MATERIAL PROVIDED →
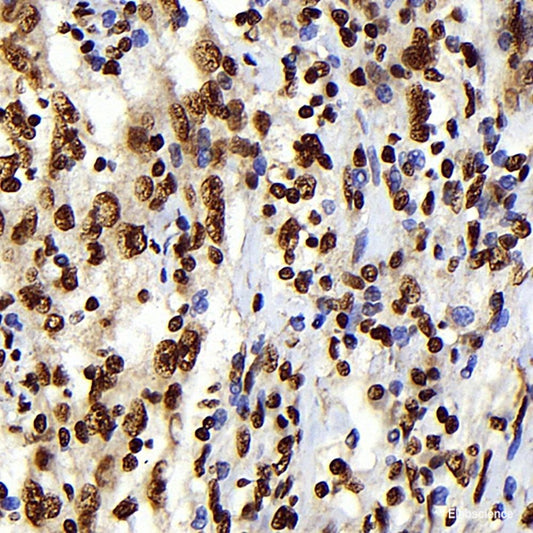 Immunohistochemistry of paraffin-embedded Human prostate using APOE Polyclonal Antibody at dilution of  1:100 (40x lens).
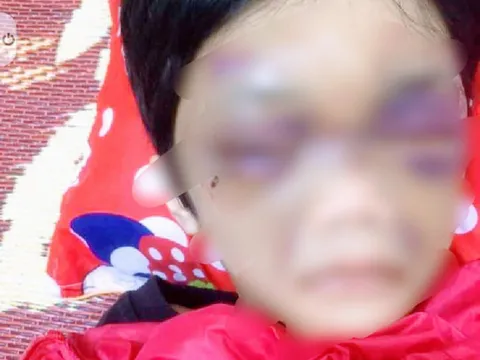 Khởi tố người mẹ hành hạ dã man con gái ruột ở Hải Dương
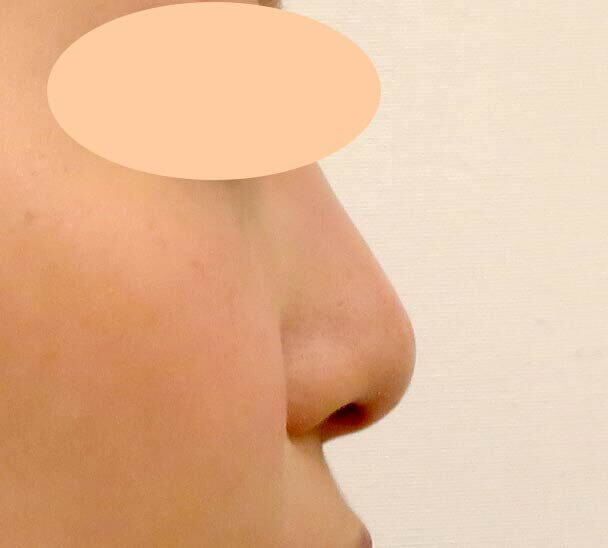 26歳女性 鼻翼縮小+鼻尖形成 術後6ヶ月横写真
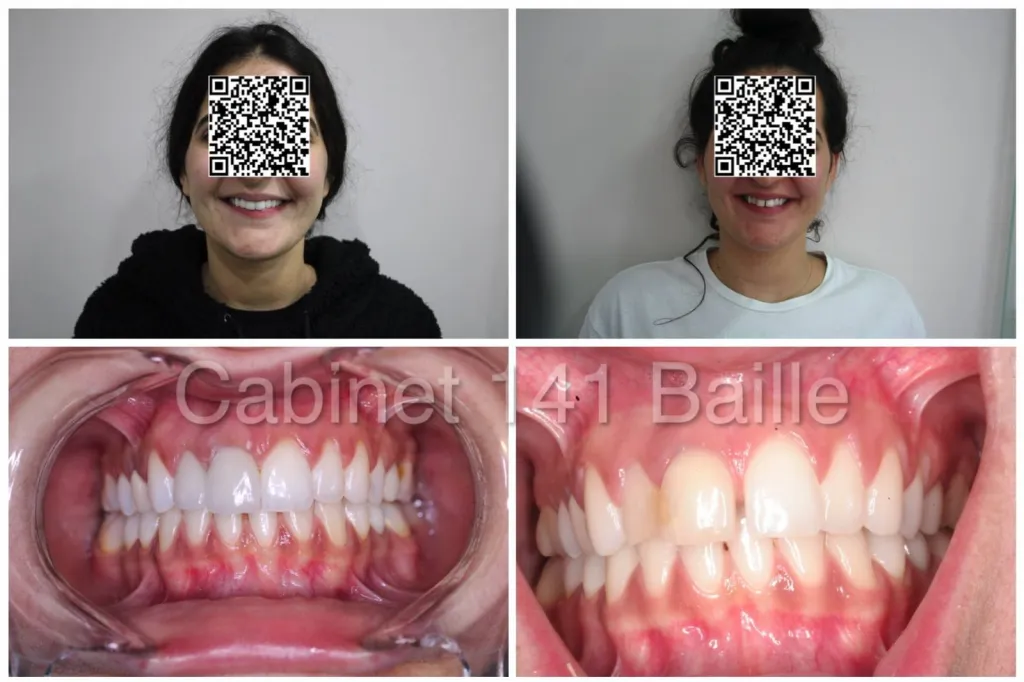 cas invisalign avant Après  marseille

ACTIVITY → What you print must be exactly the lines from the one containing "Khởi tố người" through the last line of the material, and no pictures.

ANSWER SPACE →
 Khởi tố người mẹ hành hạ dã man con gái ruột ở Hải Dương
 26歳女性 鼻翼縮小+鼻尖形成 術後6ヶ月横写真
 cas invisalign avant Après  marseille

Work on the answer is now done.